How An image is made   by  Waeshael


The light that touches the sensor makes electrons in the material move from one location to another and this is detected by the electronics in the camera. The number of electrons at specific locations (under each area of the filter array) are counted and the total count (during the exposure time selected) is recorded temporarily. At the end of the exposure, there will exist millions of these “counts,” which will be converted into a digital image by a very clever process which each manufacturer of cameras keeps secret.

This digital image cannot be seen by the eye. What happens next is that the digital image is sent to a computer which sends electrical signals to a monitor to stimulate various light emitting diodes (LED)  embedded in the screen material, and these LEDs then produce light of varying wavelengths and quantities which the eye responds to. The wavelengths the eye receives from the monitor is nothing like those from the original scene, for there is no wavelength for yellow light, and other colors. All that can be sent from the monitor are wavelengths from the blue, green and red parts of the sunlight spectrum.

But what scientists have discovered is that you can fool the brain into making yellow color by sending a mix of red and green wavelengths. The brain sees this mix and creates a sort of yellow. Now, it is not the same as the yellow in the scene that the eye views directly, and if you put the monitor outside and viewed the scene at the same time you would notice this difference. This also is true of colors like fire engine red, and deep saturated blues. Even the colors in the sky that are typically cyan near the horizon, will look more blue on the monitor. There is not much you can do to make the colors on the monitor like the colors in the scene.

But you can make color prints that look more like the scene because the ink colors available in the printer can make more wavelengths than the monitor.

A long time ago, professional cameras both still and movie used different color filters in front of the chip, in order to capture more of the colors in the scene. More than twice the number of wavelengths were captured using filters of Cyan, Yellow, Magenta, and Green (CMYG filter.) So the chip at least “saw” these additional wavelengths. But somewhere in the process the computer had to convert the CMYG image to an RGB image, in order to display the image on a monitor. Those cameras were able to keep more of the yellow “color” from the original scene, as well as cyan and magenta (all natural colors in landscapes) and you can see this in the images. All cameras with this filter array (CMYG) produce more natural and more vibrant landscapes.

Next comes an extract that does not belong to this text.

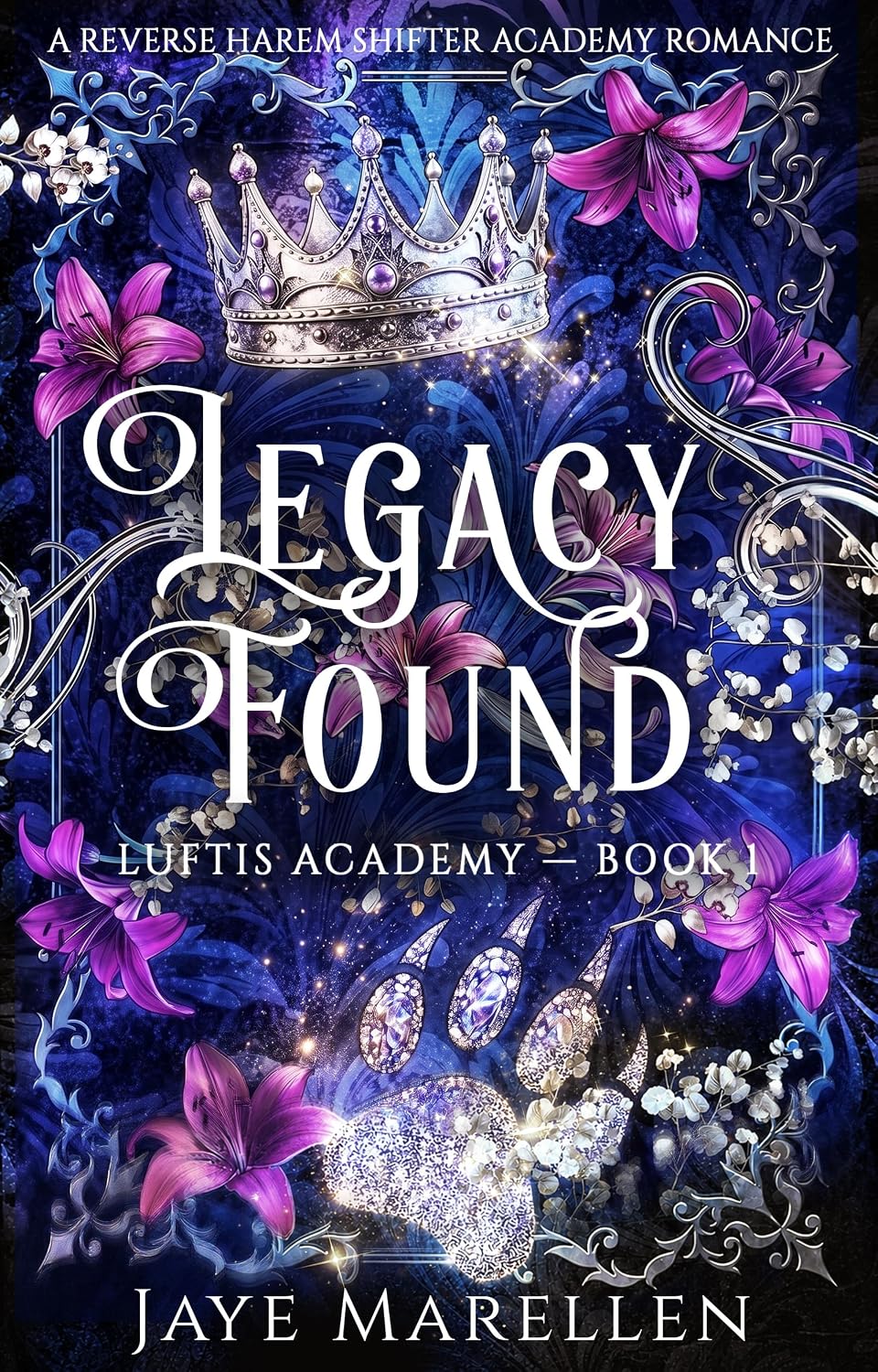 Legacy Found: A Reverse Harem Shifter Academy Romance (Luftis Academy Book 1) (English Edition) baixar o livro de graça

In the following pages I am going to be talking a lot about cameras that use CMYG sensors.

But the first camera I will mention has an RGB filter but in a very special arrangement and it has some benefits over the more normal RGBG “Bayer filter array.”

1: Sunlight illuminates the scene with a wide band of energies which bounce off objects and reach our eyes.

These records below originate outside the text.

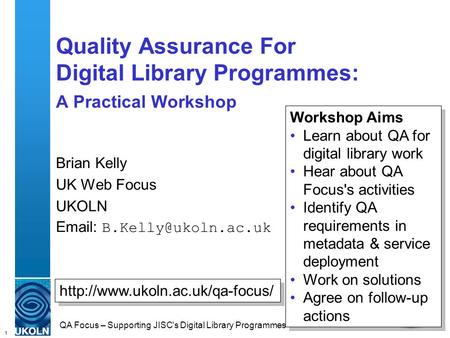 1 QA Focus – Supporting JISC's Digital Library Programmes Quality Assurance For Digital Library Programmes: A Practical Workshop Brian Kelly UK Web Focus.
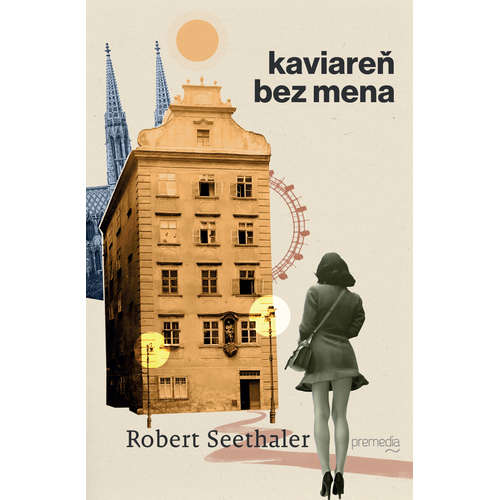 E-kniha Kaviareň bez mena - Robert Seethaler - 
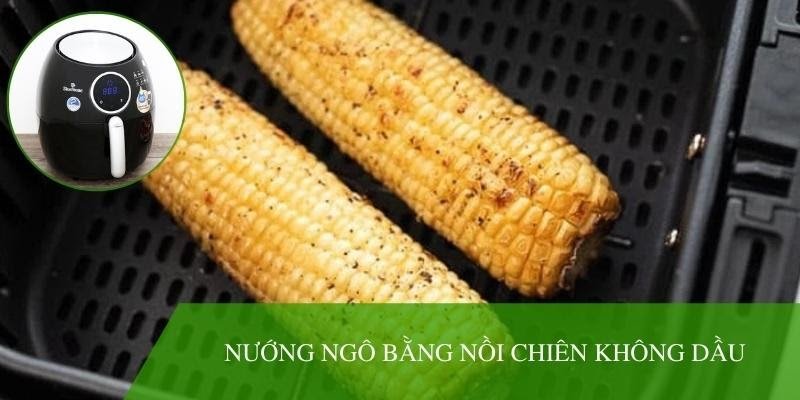 nướng ngô bằng nồi chiên không dầu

There is no color in sunlight. The rods in the eye are insensitive to the energy of the light, and respond only to the quantity of light. On the other hand the cones in the eye are sensitive to particular wavelengths (or energies) of light and each cone transfers a particular electrical signal to the brain via the optic nerve. The brain then paints various colors into our head and makes a picture in our head. We have no way of knowing whether this picture represents reality, but we have come to assume that it does and we respond accordingly with our bodily movements - we may smile, or be frightened, or turn and run. Or we can shut our eyes and the scene will go away in our head. When we sleep and dream the physical world goes away and is replaced by another world created by our mind.

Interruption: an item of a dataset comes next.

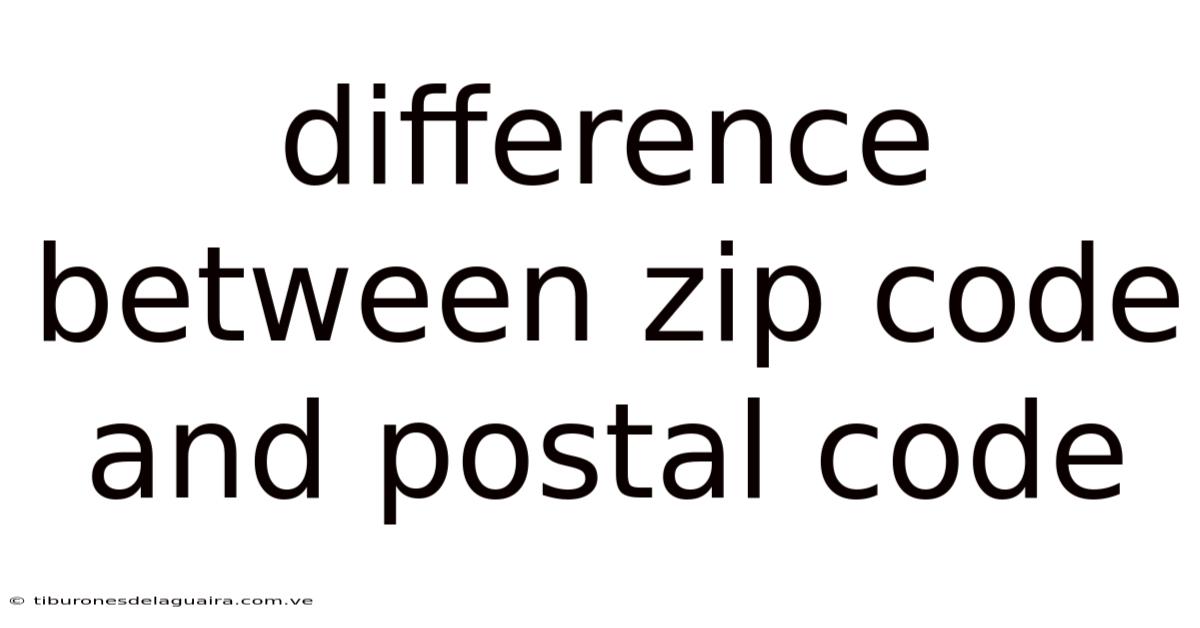 Difference Between Zip Code And Postal Code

2: The camera lens receives the same band of energies but transmits only some of them to the interior of the camera.

Which energies come through depends on the type of glass and the type of anti-reflective coatings applied to the glass. Some glass makes “warmer” pictures than others. The glass distorts the trace that the light makes through the lens and some of the light is misdirected to the sensor, so it appears to come from a different part of the scene. This is like astigmatism in normal eyesight - we see “stars” for points of light, and blurring of some objects.

So here comes the first distortion of “reality” by the lens design. The most expensive lenses distort the least. The smaller the aperture, the less the distortion (there is a size of aperture at which another distortion called diffraction occurs.)

At the exit pupil of the lens, the camera has a filter to remove ultraviolet frequencies and some cameras remove infrared frequencies also. We usually don’t notice these wavelengths in a scene, but the eye does detect them - we use UV filtration glasses when we go outside to prevent the UV reaching the eye and damaging it.  After this UV/IR filter is a set of micro-lenses that whose purpose is to direct light from one part of the scene and merge it with the light from another part of the scene, because the sensor design is such that there is no sensor material in at least 25% of the chip and light falling on those areas would be lost. That is, the light from a point in the scene that would fall on the dead spot on the sensor, could never appear in the final image, so it is squished sideways to fall on a sensitive area. The eye doesn’t do this. So, here is the second distortion taking place - the misalignment of the original scene data for the purpose of capturing more light and making the camera more “sensitive.”

Following the lenses is a filter array that covers the entire chip. This allows only certain frequencies of light to reach the chip. It modern cameras only one third of the light frequencies ever reach the chip (sensor). Two thirds of frequencies (such as those that make yellow in the brain) are filtered out. This is the third distortion that occurs in the camera system.

By now, you may be wondering how on earth we can make an image that looks anything like the original scene.